Теперь проанализируем последовательно некоторые древние памятники учительной литературы.

«Слово к новгородской пастве архиепископа Луки Жидяты»

Лука был вторым епископом Новгородским, начиная с 1036 г., и первым епископом русского происхождения в этом городе; некоторые исследователи полагают, что он был евреем. Его краткое безыскусное «Слово» принадлежит наиболее древним памятникам русской литературы. На одной единственной страничке проповедник пытается запечатлеть в памяти своих слушателей или читателей основные догматы христианской религии. Неудивительно, что его проповедь превращается в сухой перечень предписаний и запретов; поразительно, что ему все же иногда удается внести личную и даже трогательную ноту.

Он начинает с тринитарного исповедания со ссылкой на Никейский символ веры, предполагая, что он известен слушателям. Затем сразу же следуют наставления относительно церковных богослужений и молитвы: «Не ленитесь ходить в церковь и на утреню, и на обедню, и на вечерню». Поговорив о личной ночной молитве и о том, как надобно молиться в храме, проповедник подробно останавливается на милосердии и большую часть проповеди посвящает различным его проявлениям.
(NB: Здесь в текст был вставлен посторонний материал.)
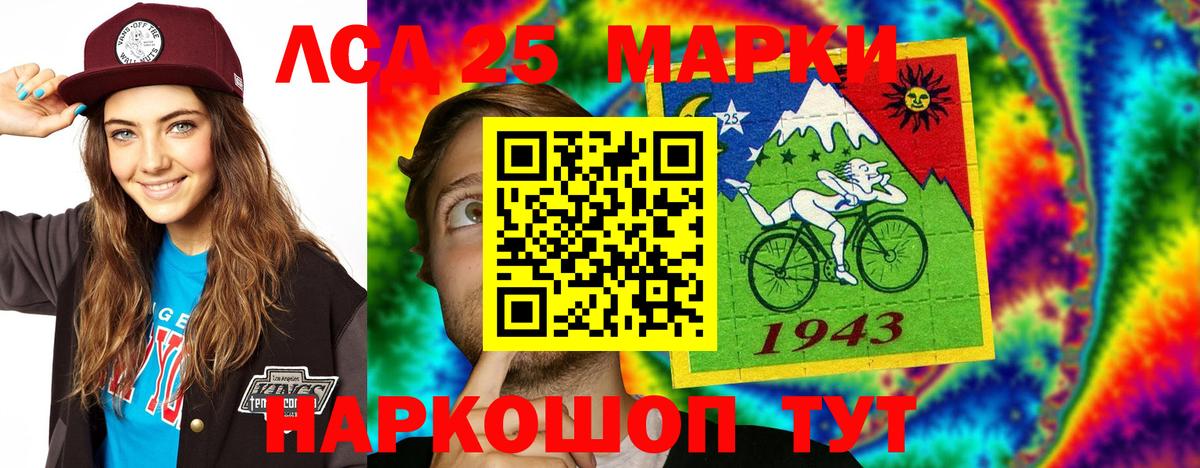 Крымск  LSD-25 экстази кислота  LSD-25 экстази кислота  Вход с VPN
Здесь в большей степени сказывается его личность и изобретательность. Его понимание милосердия больше, чем только милостыня или даже сострадание. «Иметь любовь ко всякому человеку» означает, между прочим, «с радующимися радоваться» и быть искренним: «да не будет у тебя одно на сердце, а другое на языке». Запрещение осуждать других неожиданно оборачивается призывом: «Друг друга хвалите, да и Бог вас похвалит». И только после этих заповедей милосердия

Лука переходит к теме страха: «Помни, что завтра будем смрад и гной и черви». Среди довольно сумбурного ряда наставлений, основанных на десяти заповедях, которыми проповедник спешит закончить свое «Слово», можно отметить следующие: «Судите по правде», адресованное правителям, и ритуалистическое предписание: «Не употребляйте в пищу оскверненного».

Если оправданно делать какие‑либо выводы на основании столь небольшого произведения, то религиозное направление Луки можно было бы определить как основанное на милосердии, в его глубоком и серьезном понимании, с легким, хотя и заметным оттенком ритуализма. Историками литературы отмечалось, что безыскусность стиля является типичной для северной, в особенности Новгородской Руси, в отличие от более богатого, более изощренного и риторического Юга. Что касается религиозного стиля Луки, то его все же можно считать типичным для среднего русского христианина. В Киеве мы обнаруживаем те же самые черты.

«Послание Иакова–черноризца к своему духовному сыну князю Димитрию»

Время написания, а также личность адресата данного послания точно неизвестны. В то время как большинство историков видели в нем князя Изяслава Димитрия Киевского (ум. 1078), последний его исследователь С. И. Смирнов считает его князем Ростовским XIII века. Стиль послания отличается довольно суровым тоном и попытками богословски обосновать необходимость нравственности. Иаков пишет кающемуся грешнику, князю, который после какого‑то неизвестного нам проступка выразил желание примириться со своим духовным отцом, послав ему смиренное и даже патетическое письмо. К сожалению, письмо князя не сохранилось. Его духовник пытается воспользоваться благоприятной ситуацией, для того чтобы продиктовать грешнику предписания христианского закона без каких‑либо послаблений или смягчений. «Все ангелы на небесах ликуют при покаянии одного единственного человека… Но если грех побежден, значит ли это, что мы можем теперь расслабиться?» Такова главная тема. Половина послания — обличение плотских грехов и предостережение от женщин легкого поведения, это служит указанием на вид греха или привычную слабость князя. Психология похоти, начинающейся с нечистых помыслов, обрисована с глубоким проникновением, что свидетельствует о знакомстве автора с аскетической литературой и практикой. Личный характер этого поучения подтверждается его редкостью в русской литературе. Обвинения против женщин вообще и против так называемых «лукавых женщин» наоборот, принадлежат к общим темам, унаследованным от византийской традиции. Проповедь Псевдо–Златоуста «О добрых и лукавых женах» вызвала многочисленные русские подражания.